Andre yang tak bisa tahan lagi langsung memeluknya, untuk pertama kali ia memeluk sang istri dengan erat. Sedangkan Ayu mengedipkan matanya ke sang suami. Sebenarnya mereka berdua hanya acting saja. Mereka tak benar-benar menginginkan Andre dan Zahra bercerai karena bagaimanapun mereka sudah sangat menyayangi Zahra seperti putrinya sendiri.
"Za, jangan bilang seperti itu," ujar Andre menitikkan air mata.
"Kenapa, Mas? Bukankah ini yang kamu mau dari dulu! Mama sama Papa juga setuju jika kita berpisah, begitupun denganku. Dan aku yakin Abah dan Umi pun juga pasti setuju. Aku tau ini berat, tapi aku yakin setelah ini kita bisa menjalani kehidupan kita masing-masing. Aku akan menjalani kehidupan baruku dengan statusku sebagai janda, begitupun dengan Mas Andre. Mungkin memang jodoh kita sampai di sini saja," ucap Zahra tanpa membalas pelukan suaminya.
"Enggak mau. Entah kenapa hatiku sakit, Za. Aku emang belum mencintai kamu, tapi mendengar kata kamu ingin berpisah, membuat hatiku sakit. Aku masih belum rela pisah dari kamu. Beri aku kesempatan, aku janji akan membahagiakanmu. Ayo kita mulai dari awal," ujar Andre sambil melepas pelukannya.
"Mas, kamu yakin? Mau memulai semuanya dari awal?" tanya Zahra.
"Iya, aku yakin. Aku akan belajar mencintaimu. Aku janji, aku gak akan menyia-nyiakan kamu lagi," ujar Andre berusaha meyakinkan Zahra.
Zahra menatap mertuanya dan mereka pun menganggukan kepala.
"Baiklah, aku beri kesempatan. Aku tau ini bukan sepenuhnya salah Mas Andre. Aku mengerti. Memang di antara kita belum ada cinta, tapi jika Mas Andre mau belajar mencintaiku, aku pun akan melakukan hal yang sama. Tapi ingat Mas, jangan pernah sekalipun mengkhianatinya aku, mengkhianati pernikahan kita karena jika itu terjadi, tak ada kata maaf buat Mas Andre," ucap Zahra.

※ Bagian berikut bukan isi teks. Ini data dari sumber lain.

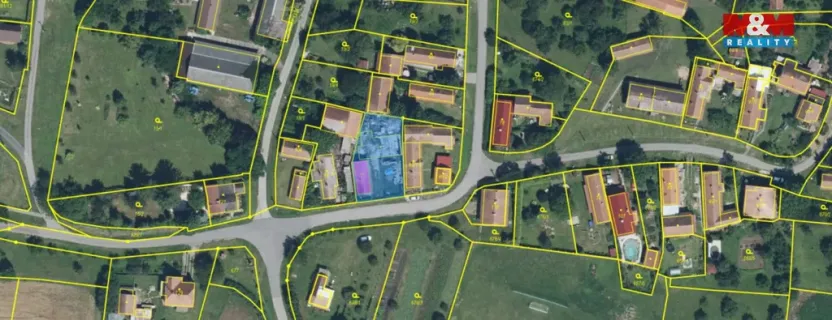 Prodej chalupy, Češov, 55 m2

Andre pun menganggukkan kepala lalu mereka berpelukan lagi. Melihat hal itu, Agus dan Ayu pun tersenyum lega. Mereka berharap setelah ini Andre benar-benar memperlakukan Zahra dengan baik dan bisa membahagiakan Zahra.
Ayu memberi kode kepada sang suami, Agus yang mengerti akhirnya langsung pergi. Ya mereka berdua pergi ke taman belakang dan memberikan waktu berdua untuk anak dan menantunya agar memperbaiki masalahnya.